Desde pequena, a menina de nome extenso e pernas compridas vai a passeatas, palestras e eventos contra o racismo. Criada em uma família formada por mulheres negras e militantes, ela aprendeu a ter orgulho da cabeleira “que não é dura, é crespa”. Prestes a completar 12 anos, Soffia Gomes da Rocha Gregório Corrêa, a MC Soffia, declama sobre a beleza da negritude, as brincadeiras da infância, e, sobretudo, se aceitar do jeito que se é.

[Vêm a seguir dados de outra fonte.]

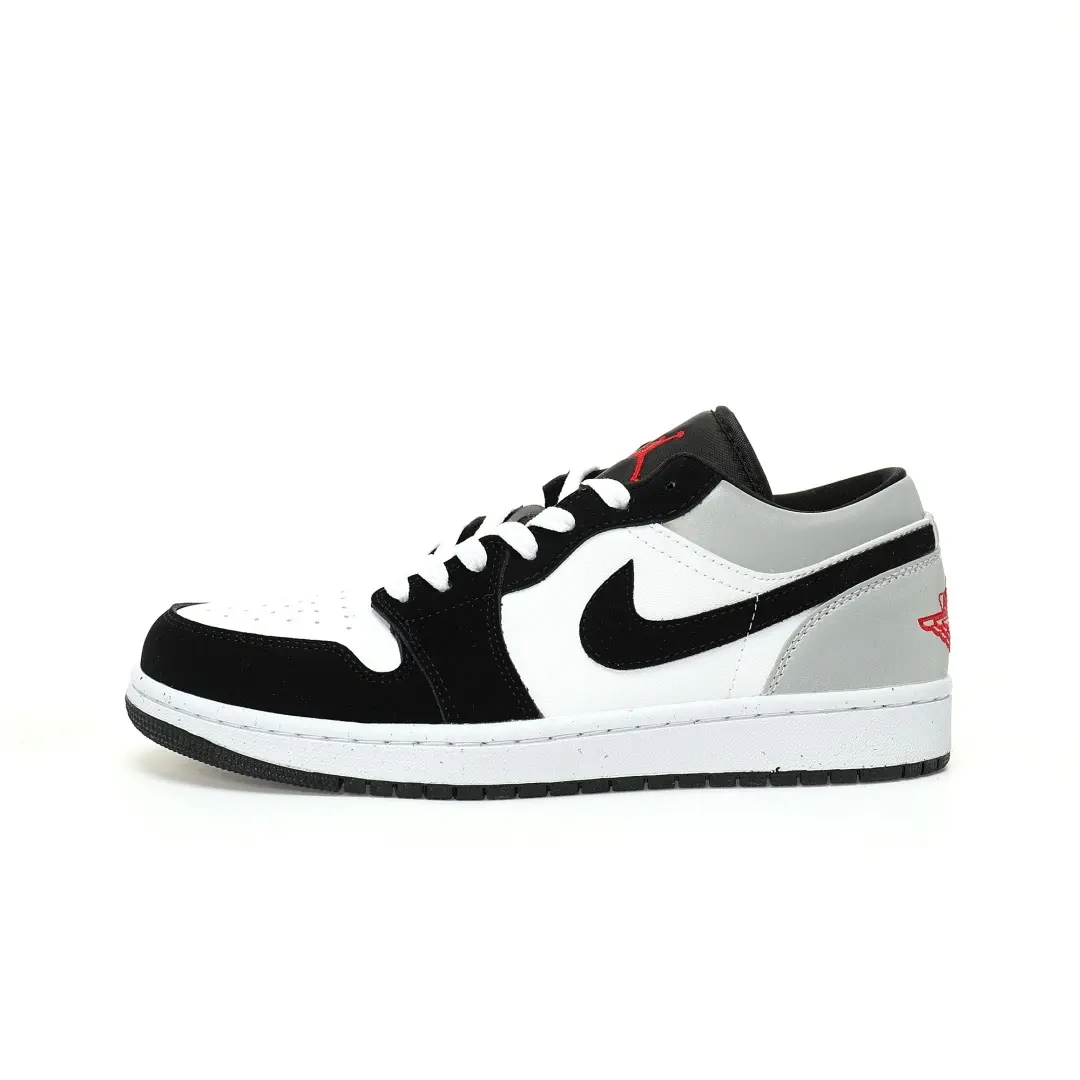 Nike Air Jordan 1 Low SE White Fire Red Black Matte Silver Aj1 And Reflective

Ao UOL, na casa da avó materna no centro de São Paulo, no começo de fevereiro, a revelação do hip hop paulistano afirma que sofre e fica indignada quando lê sobre casos de pessoas famosas agredidas por comentários racistas na internet, a exemplo da jornalista Maria Júlia Coutinho e da atriz Taís Araújo. Porém ela lembra que o racismo é uma presença persistente no cotidiano das pessoas comuns:

“Tem criança negra que sofre racismo todo dia na escola, e isso a televisão não mostra. Tem criança que fica com trauma, trancada em casa, não quer sair na rua”, afirma.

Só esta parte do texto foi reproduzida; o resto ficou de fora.